The next candidate is actually called by Jesus and responds affirmatively, but requests a brief reprieve to “bury his father.” Was this fellow’s father already dead and awaiting burial? In that case, the delay would have been a matter of days. It is possible, however, that the man’s father was not dead, but infirm and dependent upon his son. In that case, the man would not be free to follow Jesus until after the death of his father. If that were the situation, the delay would be indefinite. In either case, delay is not an option. The dawn of God’s reign has arrived and will not accommodate our busy schedules. The Kingdom is now and must be proclaimed today.
The third candidate appears to be asking for no more than what Elisha requested of Elijah before following him: an opportunity to say farewell to his family.

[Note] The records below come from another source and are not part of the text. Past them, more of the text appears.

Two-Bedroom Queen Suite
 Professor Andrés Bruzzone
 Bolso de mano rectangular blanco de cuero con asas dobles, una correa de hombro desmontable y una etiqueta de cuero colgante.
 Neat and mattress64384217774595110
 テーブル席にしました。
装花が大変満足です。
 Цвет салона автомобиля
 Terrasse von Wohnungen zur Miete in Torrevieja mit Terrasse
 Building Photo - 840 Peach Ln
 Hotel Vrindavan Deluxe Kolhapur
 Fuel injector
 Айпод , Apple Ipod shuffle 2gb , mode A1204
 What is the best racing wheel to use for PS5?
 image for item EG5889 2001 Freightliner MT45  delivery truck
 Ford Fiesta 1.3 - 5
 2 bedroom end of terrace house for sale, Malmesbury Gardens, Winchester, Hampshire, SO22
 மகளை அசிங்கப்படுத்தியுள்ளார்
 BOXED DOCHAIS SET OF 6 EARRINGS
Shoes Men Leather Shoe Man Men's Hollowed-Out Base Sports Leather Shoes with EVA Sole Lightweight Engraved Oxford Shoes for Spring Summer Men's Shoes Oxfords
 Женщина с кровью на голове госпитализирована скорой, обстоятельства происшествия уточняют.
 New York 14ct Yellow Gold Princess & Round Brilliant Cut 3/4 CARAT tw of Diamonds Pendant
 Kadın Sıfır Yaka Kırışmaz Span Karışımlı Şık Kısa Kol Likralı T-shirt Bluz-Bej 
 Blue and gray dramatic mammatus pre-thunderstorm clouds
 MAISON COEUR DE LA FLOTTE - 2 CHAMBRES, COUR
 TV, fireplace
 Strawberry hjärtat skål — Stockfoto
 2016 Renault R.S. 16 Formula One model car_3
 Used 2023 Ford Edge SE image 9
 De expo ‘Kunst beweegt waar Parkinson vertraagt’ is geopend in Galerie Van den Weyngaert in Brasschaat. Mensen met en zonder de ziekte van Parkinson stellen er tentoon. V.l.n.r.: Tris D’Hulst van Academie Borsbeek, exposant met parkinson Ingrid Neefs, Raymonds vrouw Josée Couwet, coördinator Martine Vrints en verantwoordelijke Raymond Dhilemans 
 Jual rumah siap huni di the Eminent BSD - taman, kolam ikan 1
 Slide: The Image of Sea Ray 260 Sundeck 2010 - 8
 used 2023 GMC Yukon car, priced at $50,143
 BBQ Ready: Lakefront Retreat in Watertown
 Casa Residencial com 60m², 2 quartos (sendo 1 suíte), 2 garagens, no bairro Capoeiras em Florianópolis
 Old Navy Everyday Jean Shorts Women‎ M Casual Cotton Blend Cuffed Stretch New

Elijah granted Elisha’s request, but Jesus will give no quarter to his newly called disciple. There is at least one important distinction. Elisha’s intent to follow through was made clear by his actions. Recall that he slaughtered his plow oxen and used the wood from their yolks to roast them in a farewell feast. In so doing, he destroyed his means of livelihood and so had nothing to which he could look back. This action on Elisha’s part did not delay his prophetic career. To the contrary, it was a powerful testimony to his new identity as God’s prophet and the successor to Elijah. One might say that Elisha’s farewell gesture was his first prophetic sign. That does not appear to be the case for the man Jesus called.
I suspect that with the last two “would be” disciples the problem boils down to just one word: “first.” “Lord, let me first go and bury my father.” “first let me say farewell to those at my home.” Jesus’ call must always come first. That call may or may not preclude the fulfillment of other obligations, but it cannot ever be deemed secondary to them.